- Stored items from a collection -
□ □ □ □ □ □ □

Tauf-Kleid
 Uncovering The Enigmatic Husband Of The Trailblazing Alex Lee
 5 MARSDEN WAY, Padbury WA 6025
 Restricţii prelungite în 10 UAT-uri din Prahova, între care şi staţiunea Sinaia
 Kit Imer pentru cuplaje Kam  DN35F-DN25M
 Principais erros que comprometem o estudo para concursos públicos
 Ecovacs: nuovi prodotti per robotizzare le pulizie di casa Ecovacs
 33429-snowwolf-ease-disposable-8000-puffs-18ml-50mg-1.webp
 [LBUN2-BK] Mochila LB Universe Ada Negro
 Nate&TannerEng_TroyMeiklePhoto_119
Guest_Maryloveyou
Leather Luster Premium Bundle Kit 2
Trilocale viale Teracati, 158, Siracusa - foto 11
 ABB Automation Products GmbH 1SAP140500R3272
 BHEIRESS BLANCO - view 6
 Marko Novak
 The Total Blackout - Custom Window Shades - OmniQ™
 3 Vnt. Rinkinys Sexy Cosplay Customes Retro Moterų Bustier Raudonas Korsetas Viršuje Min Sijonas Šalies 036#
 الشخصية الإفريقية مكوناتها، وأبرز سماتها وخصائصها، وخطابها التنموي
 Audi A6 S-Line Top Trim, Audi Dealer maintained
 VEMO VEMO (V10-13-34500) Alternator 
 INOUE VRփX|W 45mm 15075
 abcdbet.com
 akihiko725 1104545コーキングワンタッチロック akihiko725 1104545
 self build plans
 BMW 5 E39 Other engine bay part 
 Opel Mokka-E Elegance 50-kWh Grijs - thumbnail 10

□ □ □ □ □ □ □

- Assigned task -
Copy out the data exactly as it stands, leaving nothing out.

- Task result -
Tauf-Kleid
 Uncovering The Enigmatic Husband Of The Trailblazing Alex Lee
 5 MARSDEN WAY, Padbury WA 6025
 Restricţii prelungite în 10 UAT-uri din Prahova, între care şi staţiunea Sinaia
 Kit Imer pentru cuplaje Kam  DN35F-DN25M
 Principais erros que comprometem o estudo para concursos públicos
 Ecovacs: nuovi prodotti per robotizzare le pulizie di casa Ecovacs
 33429-snowwolf-ease-disposable-8000-puffs-18ml-50mg-1.webp
 [LBUN2-BK] Mochila LB Universe Ada Negro
 Nate&TannerEng_TroyMeiklePhoto_119
Guest_Maryloveyou
Leather Luster Premium Bundle Kit 2
Trilocale viale Teracati, 158, Siracusa - foto 11
 ABB Automation Products GmbH 1SAP140500R3272
 BHEIRESS BLANCO - view 6
 Marko Novak
 The Total Blackout - Custom Window Shades - OmniQ™
 3 Vnt. Rinkinys Sexy Cosplay Customes Retro Moterų Bustier Raudonas Korsetas Viršuje Min Sijonas Šalies 036#
 الشخصية الإفريقية مكوناتها، وأبرز سماتها وخصائصها، وخطابها التنموي
 Audi A6 S-Line Top Trim, Audi Dealer maintained
 VEMO VEMO (V10-13-34500) Alternator 
 INOUE VRփX|W 45mm 15075
 abcdbet.com
 akihiko725 1104545コーキングワンタッチロック akihiko725 1104545
 self build plans
 BMW 5 E39 Other engine bay part 
 Opel Mokka-E Elegance 50-kWh Grijs - thumbnail 10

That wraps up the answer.